Président ou la représentation dans le cinéma français
Président ou la représentation dans le cinéma français
Un film sur la présidence française au cinéma, c’est rare au cinéma, voire très rare. Les quelques films touchant à ce sujet, dont le plus récent est Le promeneur du Champ de Mars, de Robert Guédiguian, sont pour la plupart restés confidentiels, au contraire de ceux d’outre-Atlantique où on a investi depuis longtemps les arcanes de la Maison Blanche et du gouvernement américain, pour faire à la fois fictions, documentaires ou encore séries télévisées.
C’est donc une quasi-première que Président, nouveau film de Lionel Delplanque, avec Albert Dupontel dans le rôle du chef d’Etat.
Il ne s’agit pas d’un film politique, incarnation d’une personnalité existante ou ayant existé, mais d’une chronique du quotidien d’un populiste français, entre idéaux démocratiques et mondialistes et guerre de bas étage, manigances et malversations malsaines afin de garder le contrôle du pouvoir et de l’opinion.
Mathieu, une jeune provincial, rencontre la fille du président et la séduit, avec le but non avoué de découvrir les scandales de la République, récemment ébranlée par une affaire d’argent circulant dans les mains d’un marchand d’armes, entremetteur de la présidence pour les sales affaires. Le président le prend sous son aile, tout en gardant une surveillance étroite sur ses activités et sa curiosité. Celui-ci, épaulé par son mentor Saint-Guillaume, « Africain » et ponte de la République, doit affronter les rumeurs concernant les dérives de sa présidence.

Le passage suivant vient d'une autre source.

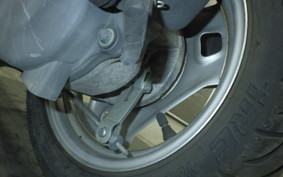 SUZUKI LET's 4 Basket 2008 CA43A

Delplanque réussit en moins de deux heures à balayer l’histoire contemporaine de la France et plus largement celle de la Ve République, qui touche plus que jamais à sa fin.
Evoquant les réseaux africains, à travers Saint-Guillaume et la « naissance » du président, il plante le décor de la post-colonisation, nous rappelant les souvenirs de la monarchie mitterrandienne mais aussi chiraquienne, avec son florilège de manipulations étatiques et marchands de morts. Il parle aussi des manipulations politiques, de la communication surexploitée (une évocation sans détour des dérives des politiciens actuels), des croisades des juges envers la corruption, des secrets d’Etat qui doivent rester celés sous peine de fragiliser la démocratie.
Un monde auquel un jeune et ambitieux jeune homme veut la peau, avant de s’y complaire quelque peu, grisé par le pouvoir lui aussi, mais également par l’amour pour la fille du président, magnifique Mélanie Doutey, sensible et idéaliste, qui voit en son père un héros de la démocratie, un père aimant avant de découvrir sa vraie nature.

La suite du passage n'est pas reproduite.